Sunday was one of the most dramatic days of the golfing year. It’s a day that often gets lost in the shuffle of NFL football and, this year, World Series baseball. But for the following 25 young (and not-so-young) men who claimed the top 25 spots on this year’s Tour money list, it’s a colossal achievement. Some have been where they’re going—the PGA Tour—before, some have had tastes of it here and there, and still others have no experience with what lies ahead. But for all their differences in age and professional golf pedigree, they’re all part of the fraternity of golf’s promoted minor leaguers. Who are they?

Click here for more discussion in the “Tour Talk” forum. 

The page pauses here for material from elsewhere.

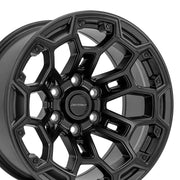 DEFIANT DF03 18x9 6x139.7 -12et Satin Black with Dark Satin Charcoal 2-Tone Wheel SET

No. 1: Casey Wittenberg, 28

United States; Oklahoma State

Wittenberg, the runner-up in the 2003 U.S. Amateur, won twice this year on the Tour, coasting through much of the summer toward his Tour card. He qualified for and notched a top-10 in the 2012 U.S. Open, so he has the potential to be successful at the game’s highest level.

No. 2: Luke Guthrie, 22

United States; Univ. of Illinois

One of two Tour graduates born in the 1990s, Guthrie made the most of only 10 starts, which included two wins and 7 top-10 finishes. Coming from Illinois, the explosive Guthrie is a longtime Steve Stricker fan. He couldn’t have picked a better potential mentor. Look for big things from Luke.

No. 3: Russell Henley, 23

United States; Univ. of Georgia

Henley’s fellow Bulldog Harris English has found success early in his own PGA Tour career. Henley should as well, having become only the second amateur to win a Tour event in 2011 and adding two victories as a professional in 2012. The newest Sea Island Mafia member should be up to the task of winning on the PGA Tour.

No. 4: Luke List, 27

United States; Vanderbilt University

List took a little time ascending to the PGA Tour after a storied college career, but better late than never. He won once and finished second 3 times in 2012, so it looks like he’s putting everything together. He’s only made two cuts in 11 tries on the PGA Tour, but he’s well-primed to improve that batting average.

No. 5: James Hahn, 31

United States; Univ. of California-Berkeley

Hahn was born in South Korea but attended college in the United States and lives in the Bay Area. He won once and finished second twice this year, bringing home over $337,000 for his good work. He stands to earn a great deal more if he can continue his momentum into 2013.

No. 6: Shawn Stefani, 31

United States; Lamar University

Stefani had a mediocre first half of the year, with only one top-10 before mid-August. Then he took the trophy in two of his next six events, locking up his Tour card for 2013. That means he’s streaky, which also means he’ll need all the self-belief he can muster to weather cold spells on the PGA Tour.

No. 7: Robert Streb, 25

United States; Kansas State University

Streb will be a “true rookie” on the 2013 PGA Tour—one who has never before played in a PGA Tour event. His 2012 season was solid, but that highest level is a different animal. Nonetheless, he had considerable promise.

No. 8: Ben Kohles, 22

United States; University of Virginia

The second “90s kid” in this year’s edition of The 25, Kohles won his first two professional starts, which turned out to both be Tour events. He was able to coast the rest of the year. Kohles’ youth and streakiness can be as much a benefit as a hindrance; it will be interesting to track his progress in 2013.

No. 9: Justin Bolli, 36

United States; Univ. of Georgia

Bolli is one of eight Tour graduates who are 35 years of age or older. A career journeyman, Bolli stormed into the top 25 on the tour money list by winning the Tour Championship. He picked a great time to play some of the best golf of his life. Will it continue? 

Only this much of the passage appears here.